The Breakfast Table

MSFT: It’s Not Over Till the Three Judges Sing


I’ll take you up on your offer to move on from dot-coms to Microsoft.

It’s all about the appeal now, which, thanks to yesterday’s news, will apparently be soon. Microsoft has a more than fighting chance.

Let’s start with the judge. Microsoft prevailed at the appeals court on related issues way back, with the higher court reversing Judge Jackson. That shows that the appeals court will be willing to thoroughly question this judge’s work and won’t show him deference just because the decision bears his name.

Second, Judge Jackson back in November issued a scathing “findings of fact” that basically sealed Microsoft’s fate in his hands. It’s extremely hard for appeals courts to overrule a district court on factual findings, on the theory that the trial court is closer to the details and better positioned to make a judgment. Generally an appeals court can only overrule findings of fact that are “clearly erroneous.”

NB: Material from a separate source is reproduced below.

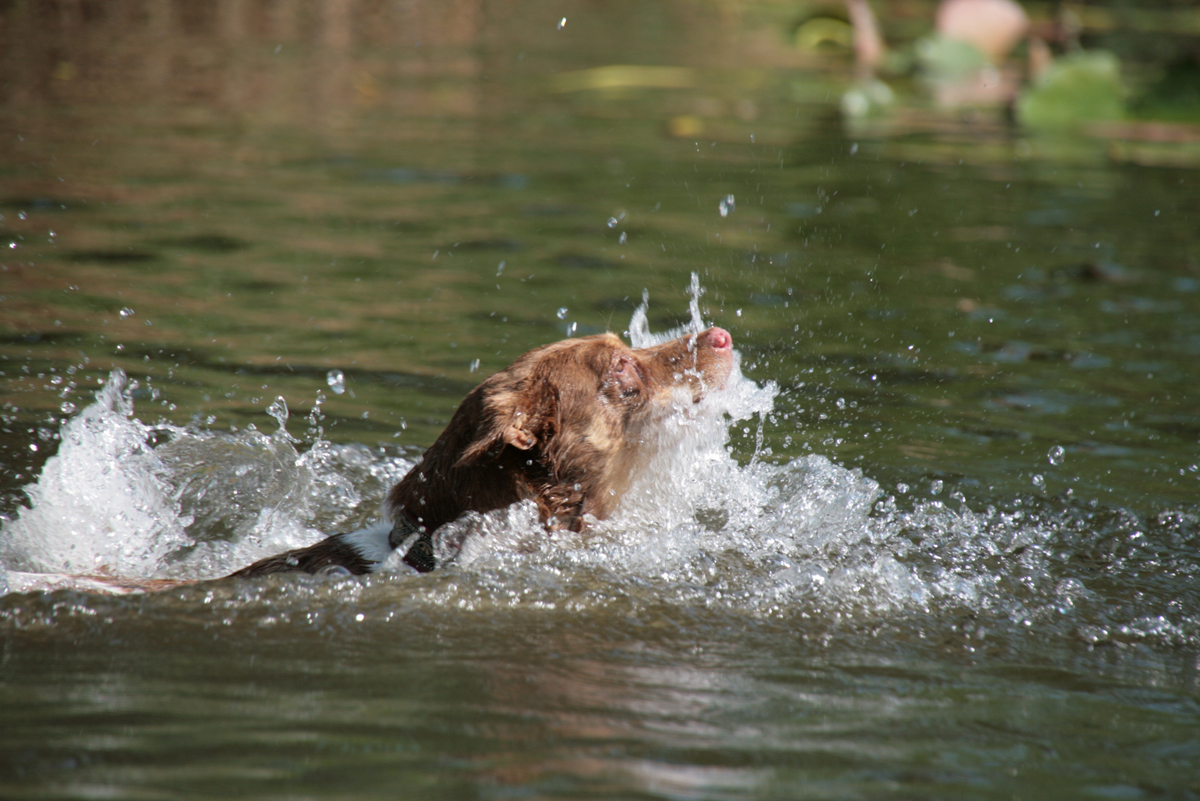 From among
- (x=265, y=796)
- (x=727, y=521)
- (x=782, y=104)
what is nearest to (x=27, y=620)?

At first blush, it seems that this procedural posture would weigh in the government’s favor. But it’s possible that the D.C. Circuit might be a touch suspicious, and in turn resentful, that the district tried to tie the appeals court’s hands by issuing such a sweeping factual ruling.

Third, at least back in the mid-’90s (I haven’t followed it closely since) the D.C. Circuit appeals court was relatively “conservative,” which suggests it would be loath to affirm such an extreme anti-business/pro-government remedy as a breakup. Much will depend on the specific three-judge panel assigned to the case.

Finally, the whole aura feels like too much fanfare, not enough facts. Sure, Microsoft was arrogant and brought on a lot of its own woes. But those AGs were media sluts, pardon the vernacular. Hopefully, in the more removed court of appeals, the issues will get heard unfettered.

BTW: I’m not sure how a reversal would play for the stock. As the market is said to love certainty, it might favor closure in the form of a legal affirmance and corporate breakup over a reversal that included continued litigation.